First there had been these long talks with Ranald. The old analytic method of speech, the assumption of intellectual calm, had seemed to free her, and she was conscious of rising to meet Ranald on his own plane. She had gone right back to the old days before her marriage, to the bright give-and-take discussion on education and the child mind. She had experienced again the sense of distinguished movement, of style. This sharply stimulated intellectual interest, with its mental excitement, had been like a bright armour. She had shown Ranald to his bedroom with a decisive care, covering any noises he might make with her own pronounced movements into and out of the bathroom. At last she was approaching Nan’s door, the smile on her face, the heightening of the smile in her breast, when in an instant she was aware of a new objective attitude towards Nan and her illness, an attitude in which sympathy was lessened to the same degree as her intellectual or analytic interest had been aroused. This induced a feeling of competence, as though by its subtle depreciation of Nan’s importance she herself was objectively strengthened. But in the next instant it aroused a feeling of guilt, for she realised she was now undergoing a withdrawal from Nan. She suddenly perceived the whole evening had been directed to that end. In bed at last (in Nan’s room), with Nan asleep, this began to worry her, and she had resurgences of pure feeling in which, picture following fugitive picture, she visualised the analytic interest as a remorseless white face, like Ranald’
s face (there were also certain dismissive gestures of his, slight but now startlingly significant). This white taut face watched until sympathy was slain, until emotion withered. It’s the slayer’s face, thought told her in silence, and she was aware of being between the thought and the face, like a soul in an experiment. Then the really horrible thing began to happen. The figure of King Kronos came alive before her, the father who, in the Greek legend, devoured his own newborn sons lest some day they usurp his power. This, she realised, was the figure Nan saw. And now she was with Nan, looking at the figure, there before her, devouring a child. As the teeth tore at a knuckle—an elbow—there was no blood, as though the child had been boiled like a fowl. The lump of pale flesh stuck in her own throat, choked her, choked down her vomit, and the horrible revolting nature of the experience shook her and blinded her, for she saw more than she could let herself see. But all this was sickeningly complicated by the knowledge that she was at last at the hidden core of Nan’s innermost experience or delusion. For the crowning horror lay in the resemblance of Kronos to Ranald. A quiver of vision, of thought, and the face was Ranald’s, and the shoulders, the stooping shoulders. Ranald was devouring his own son—Nan’s son—before Nan’s face.

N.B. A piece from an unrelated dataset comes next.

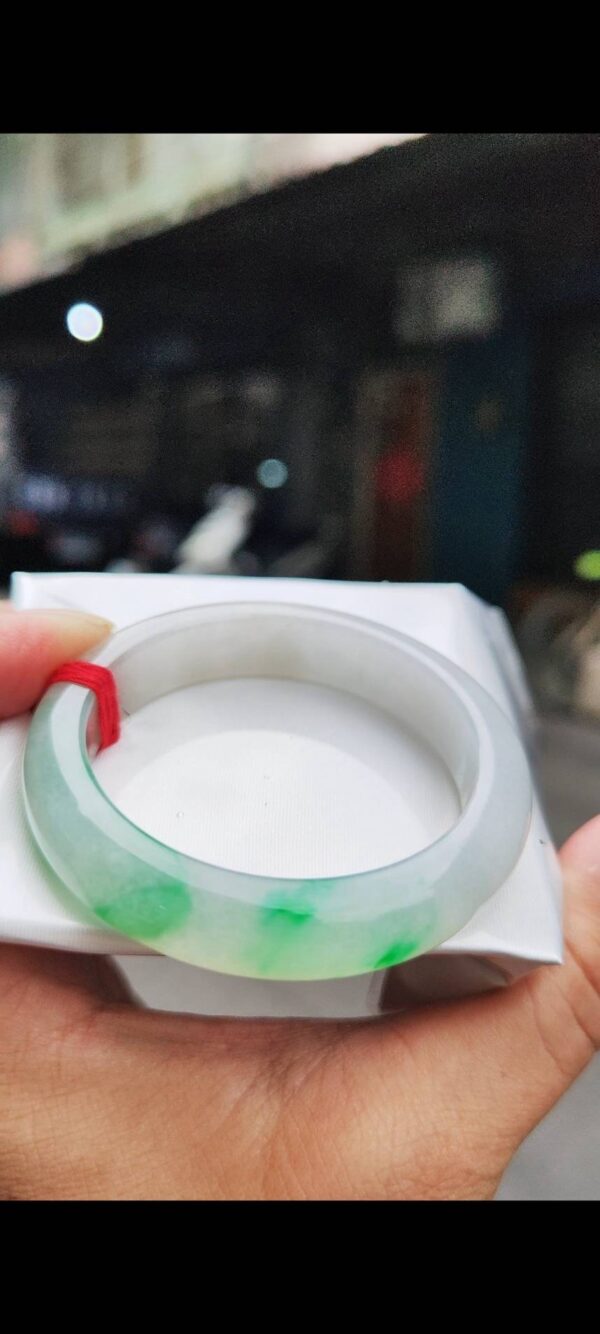✨冰芙蓉飄陽綠 正圈手鐲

Aunt Phemie, turning over in her bed, smashed the abominable vision out of her head, cried to herself that this was a mad delusion of her own, and that, for Nan, Kronos had not been a devouring father in the literal image, but just a slayer of sons, of young men. He was the dictator who purged and killed wherever he saw a threat to his authority. The new multiple-Kronos of the world Nan had experienced in war, in the streets. He stood for the destructiveness which in Nan’s world to-day would, in order to achieve its clear rational aim, coldly ignore emotion (the emotion Nan knew profoundly in her as the very pulse and warmth of creation) and so inevitably and fatally destroy life. To achieve, he would multiply himself and kill.